Terdapat perbedaan mengenai tahun kelahirannya. Beberapa kalangan yang berwewenang mengatakan bahwa dia dilahirkan pada tahun 22 atau 26 atau 29 H. Salah satu riwayat mengatakan bahwa dia dilahirkan pada tahun 23 H/643 M. Hal ini tampaknya merupakan perhitungan yang lebih seksama, sesuai dengan riwayat lain yang menyatakan bahwa dia berusia tigabelas tahun pada waktu terjadinya perang Jamal (Unta) pada tahun 36 H. Hal tersebut ditunjang dengan pernyataan ‘Urwah sendiri yang menyatakan bahwa dalam perjalanannya menuju pertempuran, waktu itu ia kembali karena usianya masih belia. Tentang tahun wafatnya terdapat beberapa riwayat. Al-Thabari menetapkan bahwa ia meninggal tahun 94 H, demikian pula ibn Sa’ad dan rekan-rekannya. Menurut ibn Qutaybah dan ibn Khalikan, dia meninggal tahun 93 H. Namun riwayat yang paling tua dan paling dapat dipercaya adalah tahun 94 H/712 M.

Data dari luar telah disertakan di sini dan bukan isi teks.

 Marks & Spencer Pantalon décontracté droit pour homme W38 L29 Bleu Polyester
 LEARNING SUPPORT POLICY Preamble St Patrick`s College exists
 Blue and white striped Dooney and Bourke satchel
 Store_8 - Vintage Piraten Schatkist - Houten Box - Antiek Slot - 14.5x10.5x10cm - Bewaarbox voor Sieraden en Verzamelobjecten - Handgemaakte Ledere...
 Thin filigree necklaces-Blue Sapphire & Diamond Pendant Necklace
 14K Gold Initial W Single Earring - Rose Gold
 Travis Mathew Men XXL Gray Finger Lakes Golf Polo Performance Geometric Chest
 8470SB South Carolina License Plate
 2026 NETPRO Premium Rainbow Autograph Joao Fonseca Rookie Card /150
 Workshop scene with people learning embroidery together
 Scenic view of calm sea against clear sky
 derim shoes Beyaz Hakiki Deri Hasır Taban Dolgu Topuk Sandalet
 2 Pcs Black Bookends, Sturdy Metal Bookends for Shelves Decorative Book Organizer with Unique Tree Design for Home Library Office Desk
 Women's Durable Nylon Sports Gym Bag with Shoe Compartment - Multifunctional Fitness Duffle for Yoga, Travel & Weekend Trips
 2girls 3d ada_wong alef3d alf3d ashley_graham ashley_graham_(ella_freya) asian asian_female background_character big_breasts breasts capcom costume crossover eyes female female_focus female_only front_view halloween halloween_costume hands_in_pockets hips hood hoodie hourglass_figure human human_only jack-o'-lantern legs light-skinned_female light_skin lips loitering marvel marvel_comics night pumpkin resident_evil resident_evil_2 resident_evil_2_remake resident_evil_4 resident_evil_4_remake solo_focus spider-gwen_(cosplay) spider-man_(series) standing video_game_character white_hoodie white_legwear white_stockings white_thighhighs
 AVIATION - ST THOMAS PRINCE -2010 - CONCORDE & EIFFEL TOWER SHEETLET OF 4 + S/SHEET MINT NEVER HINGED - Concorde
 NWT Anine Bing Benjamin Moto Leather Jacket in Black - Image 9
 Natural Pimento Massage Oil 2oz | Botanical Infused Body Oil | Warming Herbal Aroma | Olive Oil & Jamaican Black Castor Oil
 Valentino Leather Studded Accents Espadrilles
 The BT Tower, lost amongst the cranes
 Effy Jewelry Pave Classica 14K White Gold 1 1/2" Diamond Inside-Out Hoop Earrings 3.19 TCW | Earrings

‘Urwah tumbuh dewasa dan belajar di Madinah. Dia kemudian tinggal di Mesir selama 7 tahun antara tahun 58 dan tahun 65 H, dan menikah di sana. Dia sering mengunjungi Damaskus. Aspirasinya berbeda dengan ayah dan dua orang saudaranya, ‘Abdullah dan Mush’ab. Dalam hal ini dia berkata, “saya ingin bersikap zuhud terhadap dunia, agar memperoleh surga di akhirat. Saya juga ingin menjadi ulama tempat orang menimba ilmu”.[7] Hal ini tercermin juga dalam kehidupannya. ‘Urwah menghabiskan seluruh hidupnya untuk belajar dan mengajar. Dia meriwayatkan hadis dan ilmu dari ilmuan-ilmuan besar Madinah. Dia adalah salah seorang dari tujuh pakar fiqih di Madinah pada masanya dan salah seorang yang paling menonjol dalam bidang hadis.[8]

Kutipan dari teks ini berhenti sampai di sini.